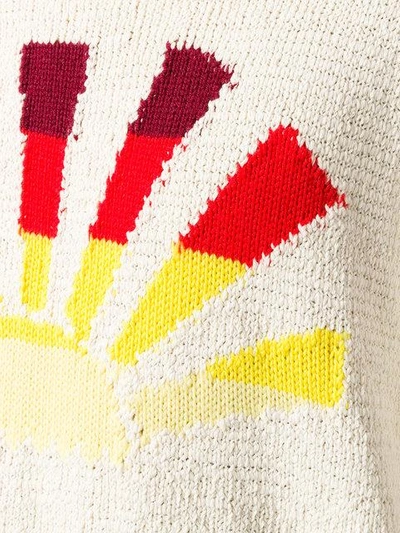 Shop Stella Mccartney Embroidered Sweater - Neutrals In Nude & Neutrals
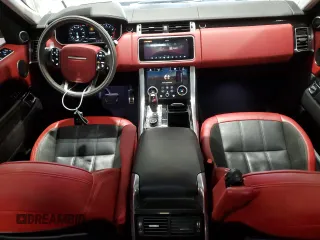2019 Land Rover Range Rover Sport HST with VIN SALWS2SU3KA862151, listed as a Copart auction lot 89407105 with 75,198 mi miles and Salvage title. Bid and sale history available at DreamBid. Image 8.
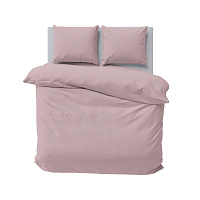 Комплект постельного белья Mono семейный пудровый Luna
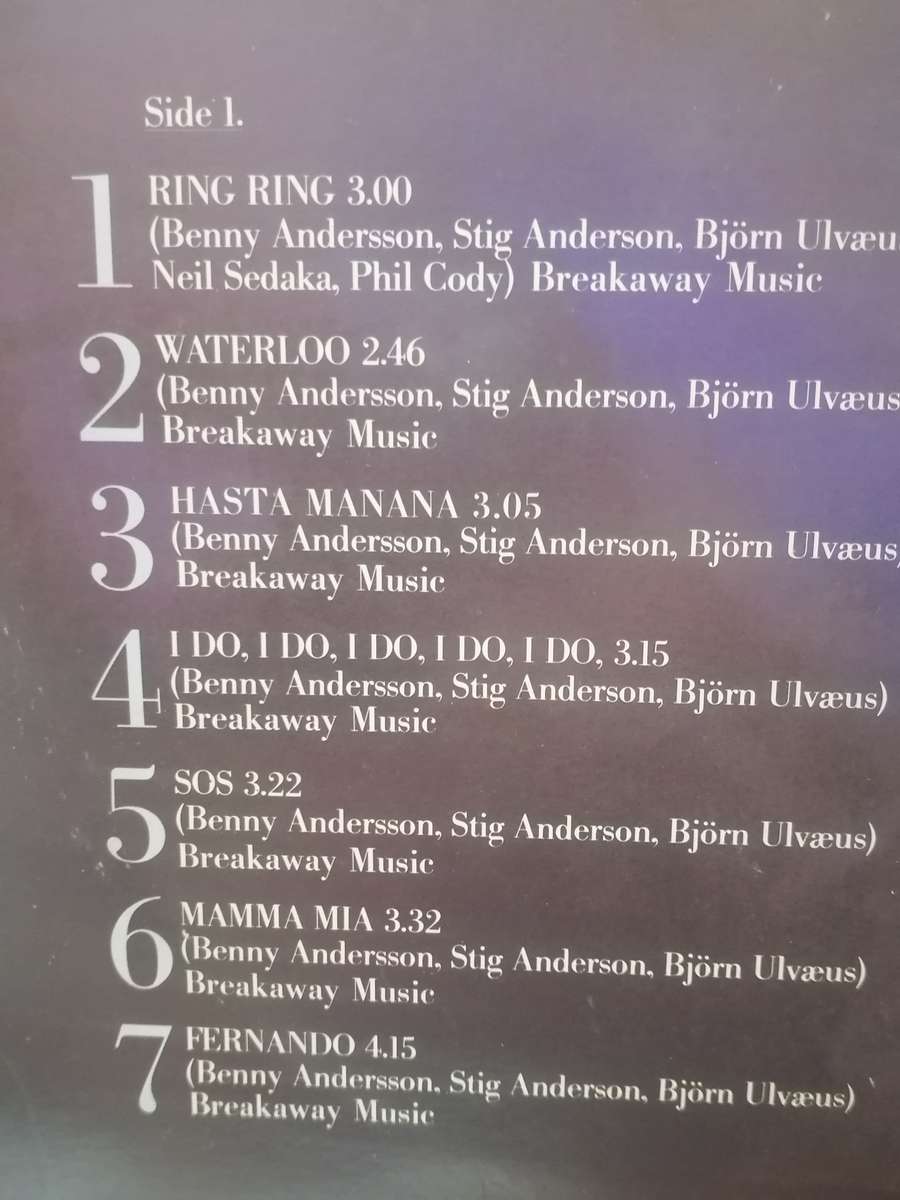 ABBA, The Singles, Double album,  vinyl's in very good condition.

● **YOUR GOAL**
Omit the pictures, then repeat exactly each line from the beginning of the listing through the line with "2019 Land Rover".

● **TASK RESPONSE**
 Shop Stella Mccartney Embroidered Sweater - Neutrals In Nude & Neutrals
2019 Land Rover Range Rover Sport HST with VIN SALWS2SU3KA862151, listed as a Copart auction lot 89407105 with 75,198 mi miles and Salvage title. Bid and sale history available at DreamBid. Image 8.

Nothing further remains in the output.